Update 1 April 2014 – Ngintaka exhibition
off, then on again, and “OMG, I’ve turned into ‘Gym Bore’/‘Kidder’”
Diana James, in a terse reply to Nicolas Rothwell, defends the thorough consultation processes of the Ngintaka “Project Partners”. But Rothwell had already conceded that there was an exhaustive
such process over recent years – and for all this, for a handful of dissidents
at least, still not enough; or perhaps too much. More interestingly, James details a chain of
events, going back four decades, to assert the openness of the Ngintaka story in general; or in industry-speak, its provenance.
Just as Subhash
Kapoor had to invent pre-1972 ex-India provenance for his looted antiquities
(from that year, a blanket export ban was imposed by the Indian state), James
is aware that there is a time-frame into which her “openness” provenance must
not cross. While the date here is not
hard and fast, plainly she can’t go back to the problematic 1948 book. Neatly, she fixes 1974 as the earliest date
in the chain of “good” title – a year by which the Bad Old Days of cultural expropriation
by anthropologists and others were implicitly over, and a nascent fine-art industry
in Central Australia was giving Indigenous artist-custodians the power and
finesse to disclose their stories to whatever degree they chose. From her
1974 jump-start however, James seems to have to clutch at straws:
This version of the [Ngintaka] story has been used by
Anangu to document their artworks in gallery exhibitions since 1974. The story
and song have been taught at the [sic] Angatja in the Mann Ranges to tourists
and school children since 1988 and is still taught today to Indigenous and
non-indigenous children. The Angatja experience is championed as a flagship of
reconciliation by Catholic Schools who include the trip in their Leadership for
Reconciliation programme.
Thus, many people, mainly schoolchildren,
have already seen and heard the story; indeed, it is something of a
set-piece. This should not be taken to
mean that the cultural content is relatively trite, although the SA Museum
publicity does emphasise that the exhibition is intended primarily for
children. The bigger problem here is the
Project Partners’ seemingly reckless presumption of scalability – that a remote
community’s in-situ “experience” can be respectfully and meaningfully recreated
in a prestigious big-city venue. The acute
danger, of course, is that extra “sizzle” will be needed in the
greatly-enlarged version, sizzle of which the SA Museum has plenty in its
vaults, including a large number of secret-sacred objects, photos and films that
came to it via the “amateur anthropologist”.
Rothwell’s
article made it clear that the SA Museum’s role in the exhibition was mainly as
a room for hire, so perhaps there is some consolation in this fact. Nonetheless, the fact that it is Rothwell, rather
than James, making it, speaks volumes.
As do these strong words from a lawyer for the pro-exhibition faction, referring to an unsuccessful last-minute legal challenge# to the exhibition going ahead:
“SA Museum has been accused of ‘caving in’ to the demands
of the tribal elders by Graham Harbord, for Johnston Withers lawyers
representing Ananguku Arts. Mr Harbord said SA Museum should not even be
involved in the dispute”.
-
Tim Lloyd, “SA Museum
decides to proceed with opening of Ngintaka dreaming exhibition despite legal
threat from some tribal elders”, Advertiser 28 March 2014, 4:35pm
Ah, “caving
in” – an English figure of speech that may, I suspect, have an unfortunate (if
unintended) set of other meanings in the translation. But that’s white Australia’s trouble with keeping
Indigenous secrets; we feel trapped and suffocated inside that black box.
Meanwhile,
onto Bruce Chatwin’s provenance. Re-reading
Songlines after posting the above (and about 26 years after I first read it),
my mind followed a quite different track from my late 1980s self (who would
have been on “team Bruce”, all the way). The character of ‘Gym Bore’, or ‘Kidder’

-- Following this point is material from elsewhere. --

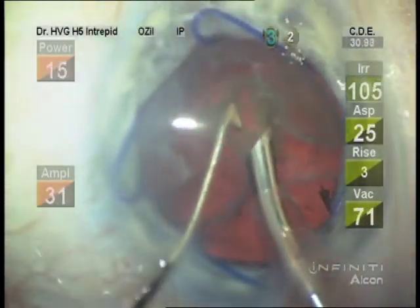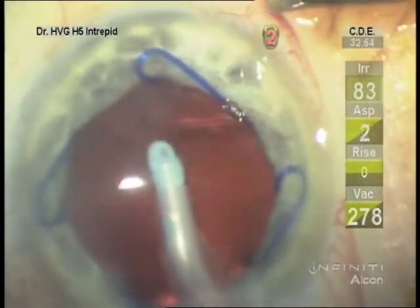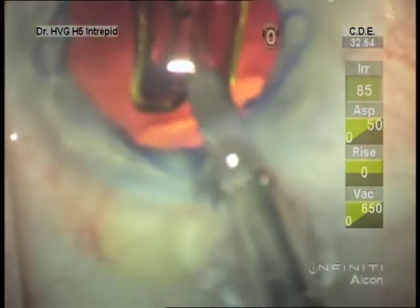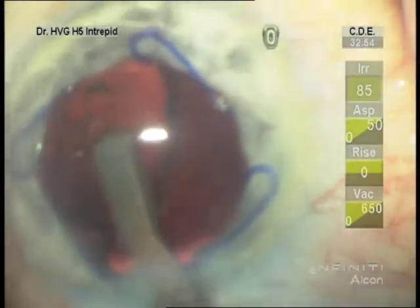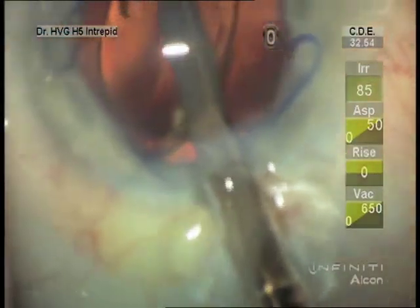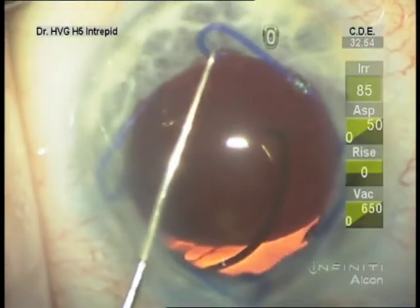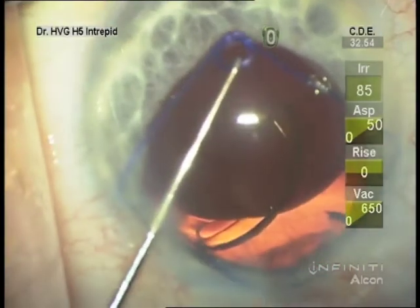That has been edited down — we're showing mainly the pupil expander here. You can see the sub-incisional cortex was removed first. You'll note I like to use the injector to position rather than using a cannula or a synechiae hook.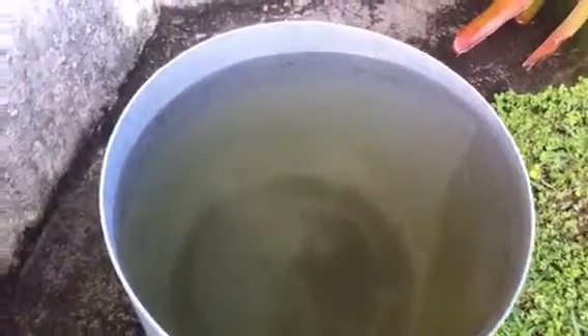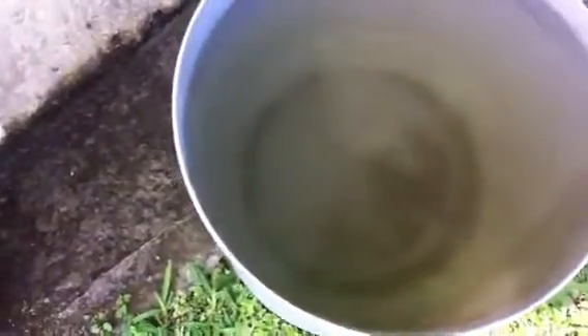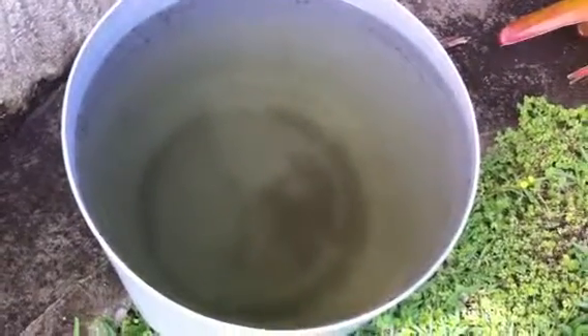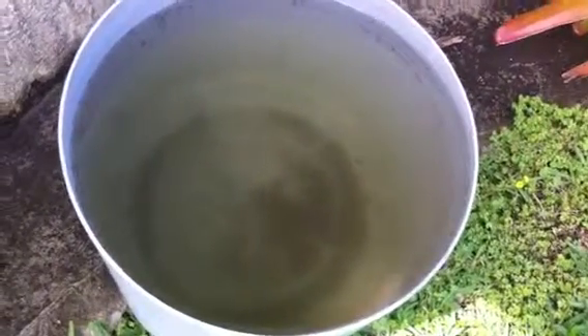I don't have a fancy water collection system or anything. What we did was put two large receptacles right where we have a spout that comes out from the roof, and it lands right on the receptacles and fills them up. That's what we use when we have to water our plants. We don't usually water, but when we do, that's what we use — it's free, we don't have to pay for it, and we're using a resource that's already existing. Hope you enjoy it.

– who Chatwin apparently based on the real-life Phillip Toyne – stood out, and
for reasons opposite to the petty-villain role he plays in Chatwin’s book.
But
first, let’s start with Kidder’s rap-sheet:
he’s a rich young man, originally from Sydney – rich enough to have his
own plane, the use of which as an (presumably) unpaid taxi to and from remote
communities is apparently the only reason that Kidder is tolerated (by white or
black) in his job in the Aboriginal land-rights industry. Kidder’s crass departure from a party at a
private house in far south-eastern Alice Springs in February 1983 – in an over-large and new 4WD, shining harsh headlights over all
and sundry – is possibly the earliest confirmed appearance of the Yuppie Wanker
in a 4WD (in 1983, a species far from the plague proportions they were later to
assume). It may help here to know that
Chatwin and “Arkady” had walked the 5km or so from central Alice Springs to the party
house, almost in eerie anticipatory negation of Kidder by their most un-Kidder
like (and un-Alice in general also, I would suggest) behaviour.
Chatwin’s
basis for calling Kidder a “Gym Bore” is similarly loaded; nowhere in the book
does Kidder talk or behave like a vain or body-obsessed man, but we definitely
know that any deliberate act of fitness or muscle-building is Not Something
That Bruce Would Do. Chatwin admits to
going for a pre-breakfast jog in Alice Springs once – but he takes care to inform us that
this was only because his motel did not start serving breakfast until 8am. Personally, I would not have forever after
condemned Chatwin as “Runner Bore” on the basis of a single instance of a jog,
however egregious, but Chatwin has much higher standards than me,
obviously. Such high standards, in fact,
that his unnamed motel’s breakfast start time of 8am would make it completely
unsuitable for most tourists doing bus-trips out of town (in my experience,
which albeit is in recent years and not c.1983, almost all bus-tours will be on
the road by 8am). But no doubt having a
breakfast without the clamouring tourist hordes would have been all the better
for Bruce’s erudite and considered notebook jottings. That morning, as Chatwin tucked into his
post-jog repast, he may well have thought about how fortunate he was to be
naturally lithe – and “Arkady” naturally hunky – in contrast to that horrid,
artificially-sculpted colonial, Kidder.
And thus been inspired to write this note for himself: “Important:
explain that my jog was only because of compulsory late breakfast, and
that I normally spend my mornings as languid as Sebastian Flyte”.
Early in
the narrative, “Arkady” sums up Kidder as “bad news”. Unusually for a romanticised “faction” book,
there is no later big pay-off to this standard plot device – a single instance
of being a Yuppie Wanker in a 4WD is as bad as Kidder ever gets to be. Other than Kidder’s (possibly drunken) words
about Aboriginal intellectual property, that is. These offend Chatwin to the core, for some
genuinely strange reason – they are indeed left-field, and may be impossible to
achieve in practice, but their idealism
cannot be faulted, I would have thought.
So why does Chatwin so despise Kidder’s idealism, or was it really just
what he (Kidder) was wearing (grey marle) that infected his whole persona?
Anyway,
I’m going to put up my hand to get me some of Chatwin’s deepest contempt
myself, by agreeing with Kidder’s ideas about Aboriginal intellectual property
(this may also mean disowning my late 1980s self, but if the grey marle fits .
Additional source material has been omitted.